Free-agent first baseman and designated hitter Kendrys Morales, shortstop Stephen Drew and right-hander Ervin Santana remain unsigned, partly because their acquisition also would dictate draft-pick compensation.
Nutting said it was too early to discuss exercising manager Clint Hurdle's 2015 club option or extending his contract. Hurdle and Huntington are entering the final year of their contracts, though each has a club option for 2015.
"We're early in spring training," Nutting said. "It's not a time to have that discussion or that announcement."
The Pirates extended Hurdle's contract almost exactly one year ago, in spring training.
"Having talked with both of them, I don't think that's the first topic on anybody's mind right now," Nutting said.
Hurdle, for his part, said an extension is not important to him.
There are still unknowns, Nutting said, regarding how much each team will receive from Major League Baseball's new national television contracts. The new Fox, TBS and ESPN deals are worth about $12 billion over eight years according to multiple reports, but diversions to MLB's central fund, MLB Advanced Media and streaming rights will dilute the payout to the teams. The yearly escalation of those diversions will further reduce the impact.
"We're going to make sure we're never focused on total dollars, but how do we really invest effectively so we're getting the right mix of our development system, the right mix of talent coming into the organization, and a real commitment to make sure that the 2014 team knows they're our top priority and we need to perform and win in Pittsburgh," Nutting said.

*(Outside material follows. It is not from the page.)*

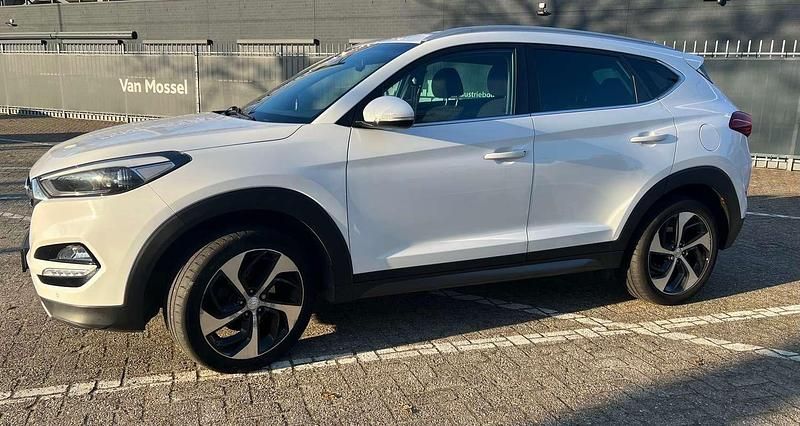 Wit Gebruikt 2016 Hyundai Tucson Comfort SUV | € 14.950 (Goede deal) - Afbeelding 1/4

Nutting reiterated his stance that the organization should seek to improve internally -- meaning he would prefer, when adding to the major league roster via trade, to take on additional salary rather than part with young prospects -- but noted the need to be flexible.
"There's no question that it is easier and more impactful, especially at the trading deadline, to write an extra check rather than give up prospects," Nutting said. "At the same time, not everybody in the organization can stay in the organization."
Nutting pointed to Baseball America ranking the Pirates as the best minor league system in the league as an exciting part of the offseason and as a tangible result of the organizational plan.